Anno: 2010
Durata: 91′
Genere: Drammatico
Nazionalità: Svizzera
Regia: Erik Bernasconi
Nessuno spazio alla cognizione, sono l’occhio, l’orecchio, il tatto e il gusto ad avere un ruolo nel fenomeno sinestetico. Sensi contaminati l’uno nell’altro, come risposte sensoriali multiple, sfaccettate, mutevoli, rispetto ad un unico evento. Da qui il prologo, l’evento scatenante, l’incipit: tra le montagne svizzere, dopo avere deciso di lasciare la moglie, un uomo, con la sua amante, ha un incidente in moto.

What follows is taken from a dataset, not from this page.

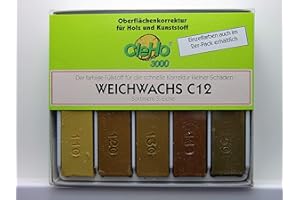 CLEHO-TEC GMBH CleHo Weichwachs C12-5er Pack | Reparatur | Wachs | Holz | Möbel | Sortiment 3 | Eiche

Sul fluire dell’acqua in un ruscello, si apre il film, Sinestesia. La camera è fissa, sembra indugiare per qualche attimo per mostrarci il tema centrale, lo scorrere del tempo, delle idee, delle circostanze che scaturiscono da qualcosa che accade e a cui bisogna far fronte. Subito dopo la macchina tentenna sui corpi dei due amanti, si insinua frenetica ora sulle mani, sulle bocche, poi sulle parole, quelle che lui pronuncia come promessa: “lascio mia moglie”. Poi l’incidente, un tronco scivola da una vallata e sulla strada investe la moto su cui loro ridono felici.

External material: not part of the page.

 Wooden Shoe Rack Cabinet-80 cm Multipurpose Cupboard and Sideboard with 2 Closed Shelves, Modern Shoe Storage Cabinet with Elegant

Diviso in capitoli, ognuno dei quali ha per tema un personaggio: la moglie, l’amante, l’amico e lui stesso, il protagonista, a chiudere il cerchio. I quattro personaggi raccontano una storia in fieri, ciò che precede l’evento dal quale tutto nasce, ciò che segue ed il fluire dei momenti di quiete. Un bianco abbacinante chiude ogni capitolo, come gli occhi che chiudendosi portano ad uno stato di incoscienza, ed aprendosi di nuovo prima di poter mettere a fuoco la realtà ne hanno una percezione indistinta, senza riuscire a scindere le cose. Così bisogna fare un passo indietro per mettere a fuoco, perché la ragione ritrovi il senso di un discorso che, seppur diviso, rappresenta un tutto solo se osservato da una certa distanza.
Dopo l’uscita nelle sale svizzere nel 2010 (e nominato come miglior sceneggiatura ai Quarz del 2010), il film, opera prima di Erik Bernasconi, procede per ellissi, mancanze, sottolineature che ricorrono ai diversi stili cinematografici più che suddividere il film, come è stato scritto, in quattro generi differenti.
“Il film si presta ad una compenetrazioni di generi più che ad una scelta stilistica precisa” – afferma il regista – e infatti ciò che emerge è la tendenza ad ammiccare a stili cinematografici differenti, piegati al proprio gioco: una buona sceneggiatura trasposta in un film.
Guarda al Decalogo di Kieślowski il giovane regista svizzero, scegliendo tuttavia come espediente narrativo una molteplicità di storie scaturite da un unico evento. Quattro personaggi, quattro storie, quattro sguardi che raccontano ora con toni sentimentali, comici, drammatici e adrenalinici, la propria risposta ad un evento tragico. Eppure è ancora di natura letteraria l’espediente narrativo messo in atto, straniante, ma pur sempre semplice narrazione, senza che questa si traduca in una scelta registica tale da fare del racconto un film.